The FAIR article goes on to explain that the American Federation of Teachers and the National Education Association have not opposed discretionary pay, but have had strong feelings about how it has been used—in part because most of its rewards flow to “teachers in upper-income schools.”

The Guild has had its own lengthy history with discretionary pay. When we were founded, it was understood that organizing journalists meant accepting some discretionary pay, especially for retention of well-known columnists and other writers. The Guild chose to bargain “minimums” instead of “scales.” That means employers were required to pay at least the minimum stated in the contract, but also could pay above that rate. For many years there was no great prevalence of discretionary pay, but there was always some.

The FAIR article points out it has become accepted that discretionary pay works. Nothing in my experience shows that to be the case. My home local had a very interesting comparison, The St. Paul Pioneer Press and the Minneapolis-based Star Tribune. For years, the scales for reporters and copy editors in the two towns were comparable, but then the Strib started awarding discretionary pay in the early ’80s, with two-thirds of the bargaining unit receiving it and one-third getting a substantial amount. St. Paul had no such practice—but what it did have was good esprit de corps and a couple of Pulitzer Prizes to boot. And while the Star Tribune remained a strong competitor, there was no evidence that discretionary pay made any difference.

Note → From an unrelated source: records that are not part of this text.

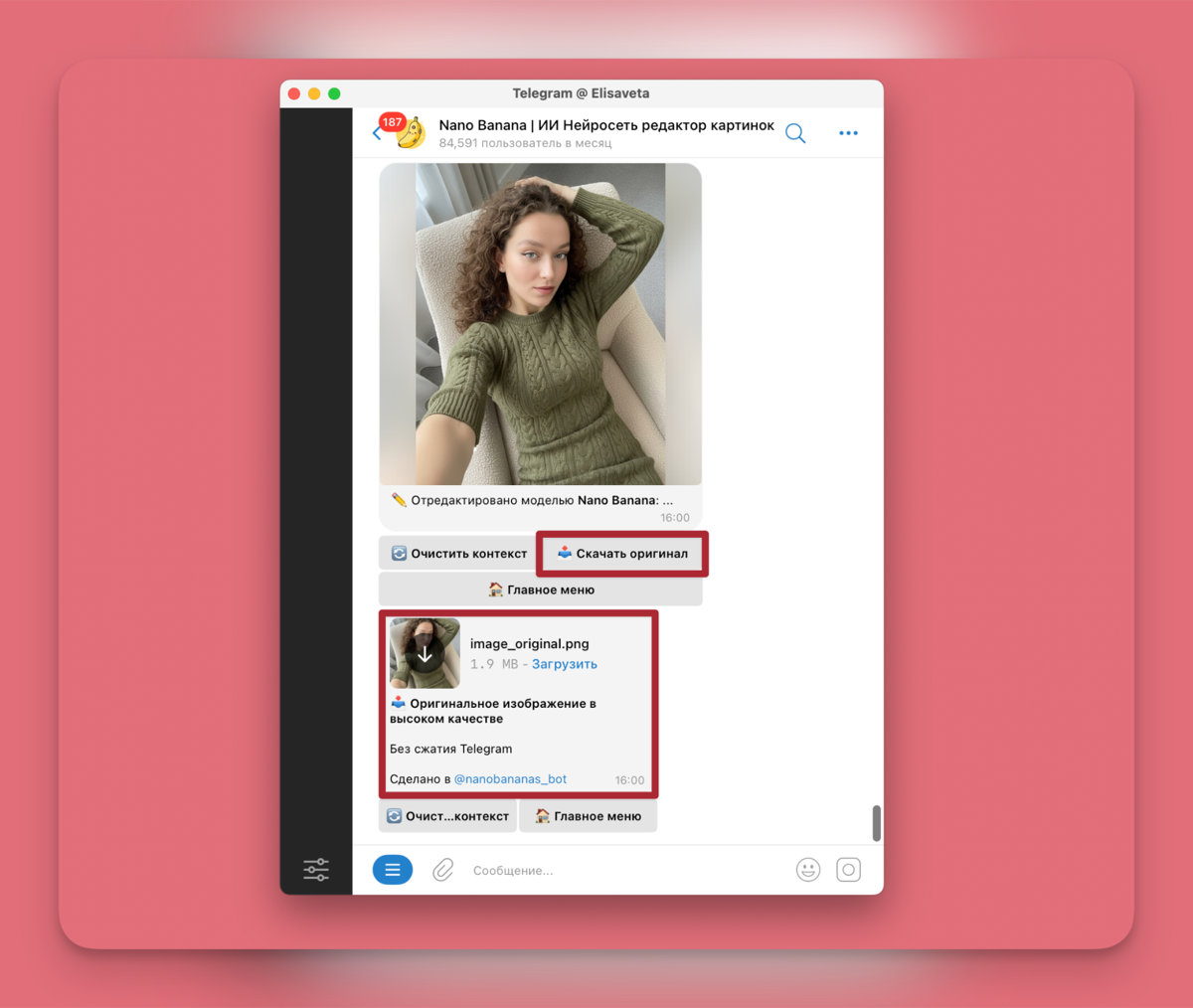 Кнопка Скачать оригинал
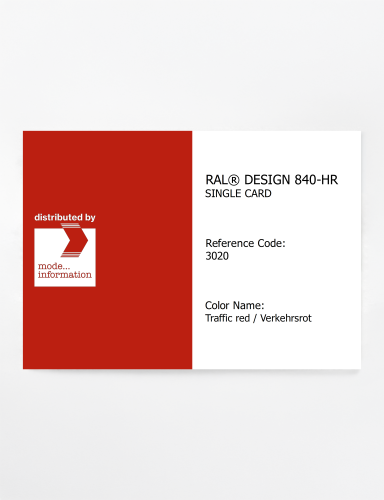 Artikelbild des Artikels “RAL® CLASSIC 840-HR SINGLE CARD 3020 Traffic red / Verkehrsrot “
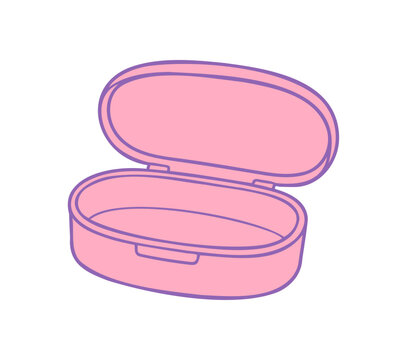 Pink Open Plastic Case Vector Illustration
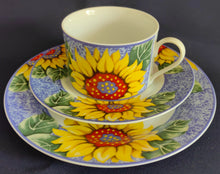 Lade das Bild in den Galerie-Viewer, 2er KAFFEEGEDECK - Porzellan, Flora Sommer Sonnenblumen Blüten Motiv Dekor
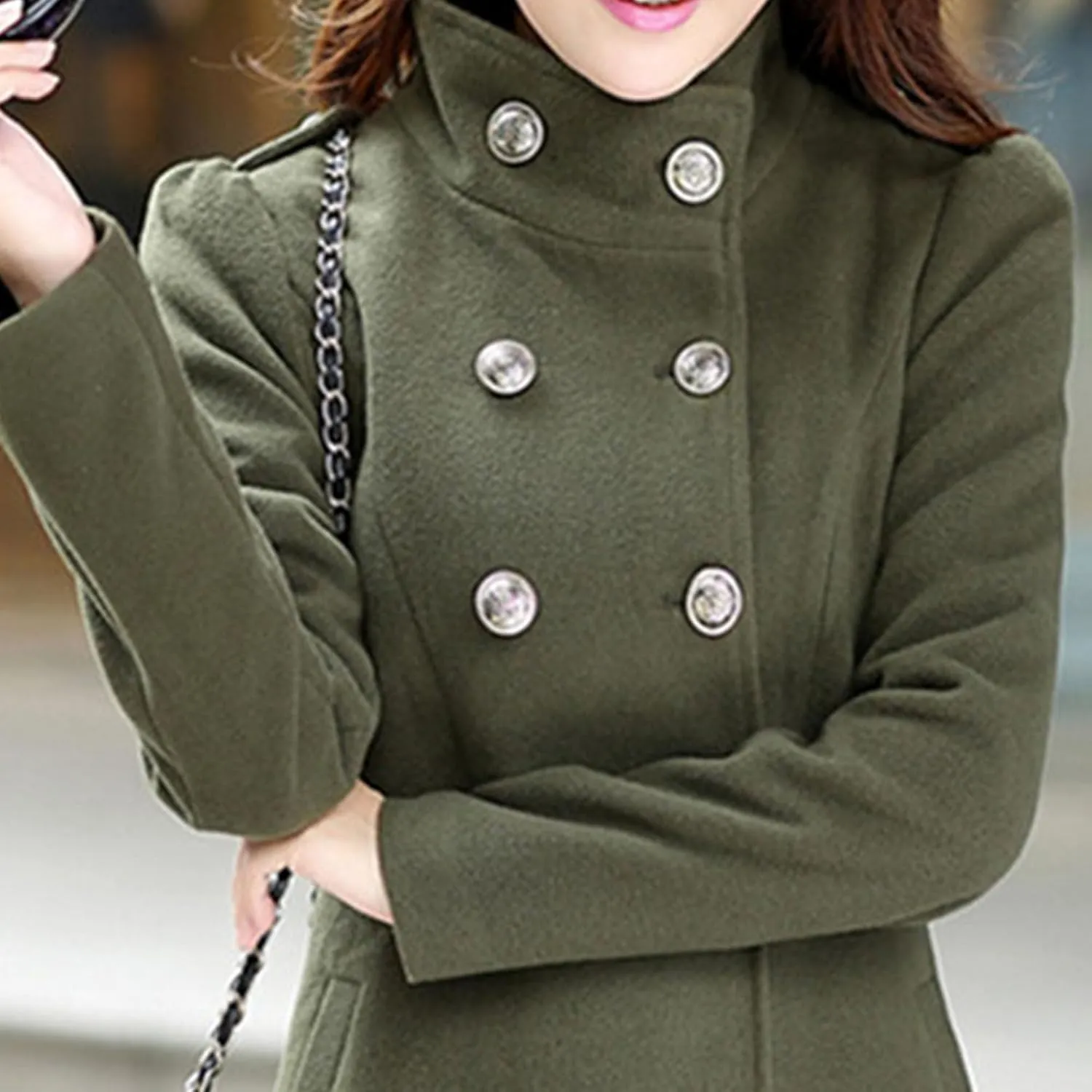 Maiyifu-GJ Women's Stand Collar Double Breasted Wool Blend Coat Elegant Slim Trench Coat Fall Winter Overcoat Outerwear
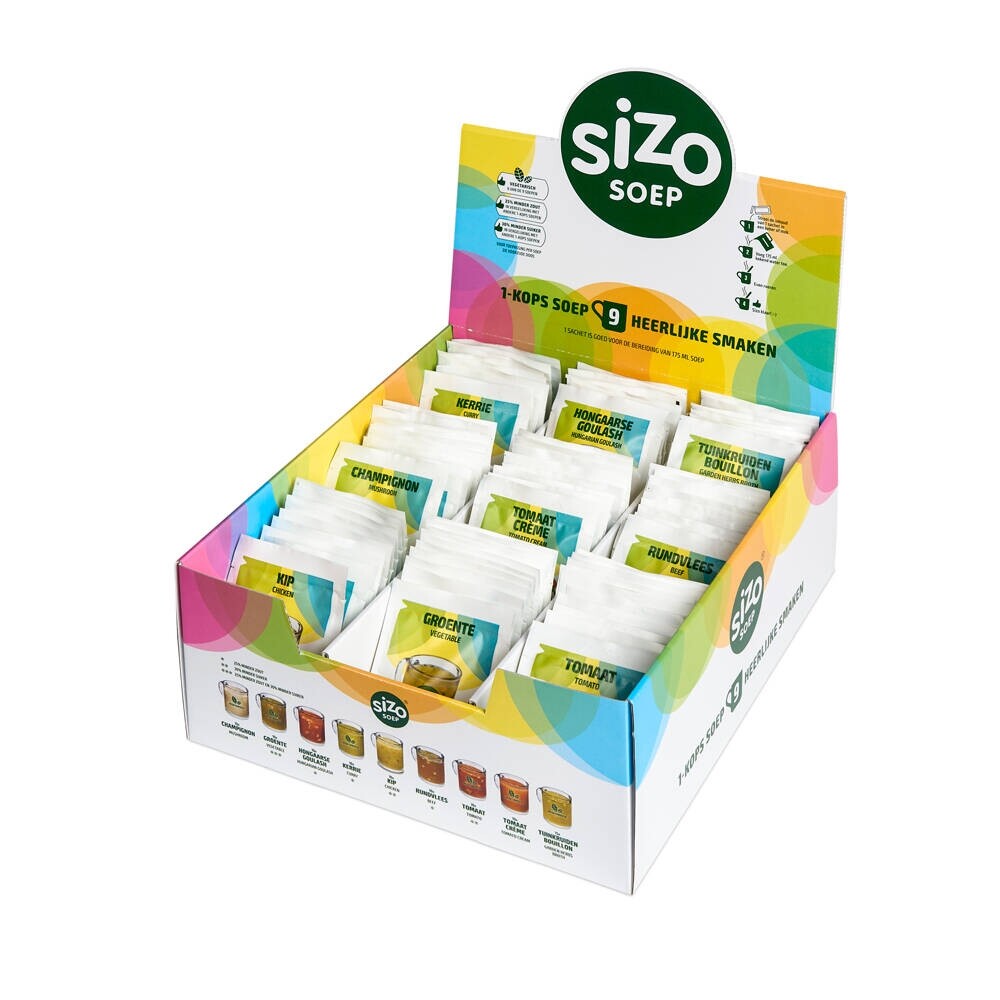 Sizo Soup Display Box 9 Geschmacksrichtungen - Instantsuppe - 95 Portionsbeutel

Merit data could be reviewed at the local office, but the local had a clear policy that you could not copy or distribute it. We also issued broad analyses of the data based on ethnicity, age and gender. But when one member purloined the specific data and distributed it to every desk, all hell broke loose. As with most such schemes, there were no objective criteria—just subjective determinations. Management sputtered in defensive response, then promised to erect a legitimate review process—which started, then stopped. More recently, the unit chose to drive some of this discretionary money into bonuses so that the longer-term, fundamental unfairness of the system would be alleviated.

More importantly, the Guild’s regular analysis and review led to a gender discrimination suit. As a result the company was forced to make some changes, but the payouts are still discretionary and opinions vary about the fairness of the settlement and the underlying system of discretionary pay.

What troubles me most about discretionary pay—and teachers provide an excellent example of this—is that it is tied to standards that are well beyond any individual’s control or influence. For teachers, it all comes down to test scores that have more to do with the quality of the students in a given year than what the teacher does. That’s also the case for Guild-represented salespeople and circulation folk, who for years have been held responsible for a drop in sales related to the economy, or for carrier performances that they can’t control.

All this has led to the worst permutation of the discretionary pay issue: performance-based discipline. Not only are employers setting goals for their employees that are unattainable, but when those goals inevitably are missed they then inflict discipline up to and including termination.

Let’s speak the truth about discretionary pay and performance-based discipline: these are whips for lazy supervisors who can’t or won’t focus on the real problems their employees encounter. Both are in the most part fundamentally unfair.
We need managers who understand the work they supervise and understand how to manage people under their control. Simplistic pay and discipline systems destroy workplaces. We should not assume either will be used fairly.